El día solemne de la Inmaculada Concepción de María (8 de diciembre de 1841) y a la hora establecida, me encontraba revistiéndome con los ornamentos sagrados para celebrar la santa misa. El sacristán, Giuseppe Comotti, al descubrir en un rincón a un joven- cito, le invitó a que me ayudara a misa.

  • No sé, respondió él, muy avergonzado.
  • Ven, replicó, debes hacerlo.
  • No sé, repuso el jovencito, no lo he hecho nunca.
  • Eres un animal, afirmó furiosamente el sacristán; si no sabes ayudar a misa, ¿a qué vienes a la sacristía?

Mientras decía esto, agarró el mango del plumero y la emprendió a golpes en la espalda y en la cabeza de aquel probrecillo. Mientras éste echaba a correr, grité yo con fuerza:

  • ¿Qué hace? ¿Por qué pegarle de ese modo? ¿Qué ha hecho?
  • ¿Por qué viene a la sacristía, si no sabe ayudar a misa?
  • Pero usted ha hecho mal.
  • ¿Y a usted qué le importa?
  • Me importa mucho; se trata de un amigo mío. Llámele inmediatamente, necesito hablar con él.
  • Tuder, tuder (en piamontés antiguo significa palurdo) exclamó llamándole y corriendo tras él; asegurándole que no le haría daño, lo condujo a mi lado.

El muchacho se acercó temblando y llorando por los golpes recibidos.

  • ¿Has oído ya misa?, le dije con el cariño que me fue posible.
  • Ven, pues, a oírla; después me interesaría hablarte de un asunto que te va a gustar. Aceptó. Deseaba mitigar el disgusto de aquel pobrecito y no dejarle con mala impresión hacia los responsables de aquella sacristía.

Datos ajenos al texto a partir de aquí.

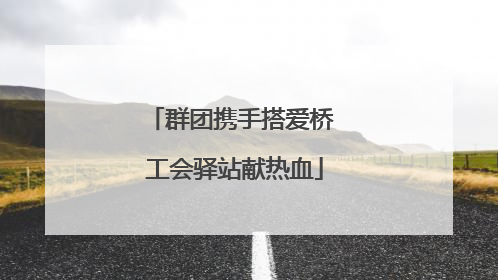 群团携手搭爱桥 工会驿站献热血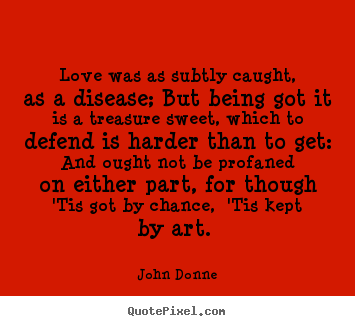 John Donne picture quotes - Love was as subtly caught, as a disease; but being got it.. - Love quote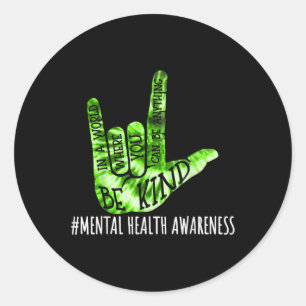 Be Kind Asl Love Sign Language Hand Mental Health Classic Round Sticker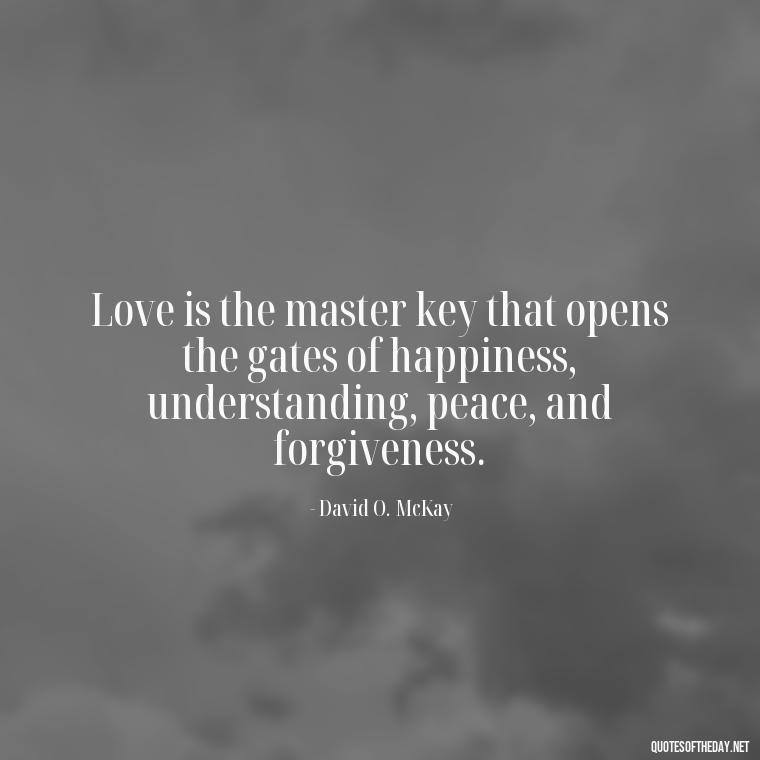 Love is the master key that opens the gates of happiness, understanding, peace, and forgiveness. - Love Quotes Break Up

Celebrada la santa misa y practicada la debida acción de gracias, trasladé a mi aspirante a un coro.

Sonriendo y asegurándole que no debía temer más bastonazos, empecé a preguntarle de esta manera:

  • Mi buen amigo, ¿cómo te llamas?
  • Me llamo Bartolomé Garelli.
  • ¿De qué pueblo eres?
  • De Asti.
  • ¿Vive tu padre?
  • No, mi padre ha muerto.
  • ¿Y tu madre?
  • Mi madre ha muerto también.
  • ¿Cuántos años tienes?
  • Tengo dieciséis.
  • ¿Sabes leer y escribir?
  • No sé nada.
  • ¿Has sido ya admitido a la santa comunión?
  • Todavía no.
  • ¿Te has confesado alguna vez?
  • Sí, pero cuando era pequeño.
  • Ahora, ¿vas al catecismo?
  • No me atrevo.
  • ¿Por qué?
  • Porque mis compañeros más pequeños saben el catecismo, y yo, tan mayor, no sé nada. Por eso me da vergüenza ir a las clases.
  • Si te diera catecismo aparte, ¿vendrías a escucharlo?
  • Vendría con mucho gusto.
  • ¿Vendrías con agrado a esta habitación?
  • Vendré con mucho gusto, siempre que no me peguen.
  • Estáte tranquilo, nadie te tratará mal. Al contrario, serás mi amigo, tendrás que tratar conmigo y con nadie más. ¿Cuándo quieres que comencemos nuestro catecismo?
  • Cuando usted quiera.
  • ¿Esta tarde?
  • Sí.
  • ¿Quieres ahora mismo?
  • Sí, también ahora; con mucho gusto.

Me levanté e hice la señal de la santa cruz para comenzar, pero mi alumno no la hizo porque no sabía. Aquella primera lección de catecismo la dediqué a enseñarle a hacer la señal de la cruz y a que conociera al Dios creador, junto al fin para el que nos creó. Aunque de flaca memoria, dada su asiduidad y atención, en pocos domingos logró aprender las cosas necesarias para hacer una buena confesión y poco después su santa comunión. A este primer alumno se unieron otros muchos.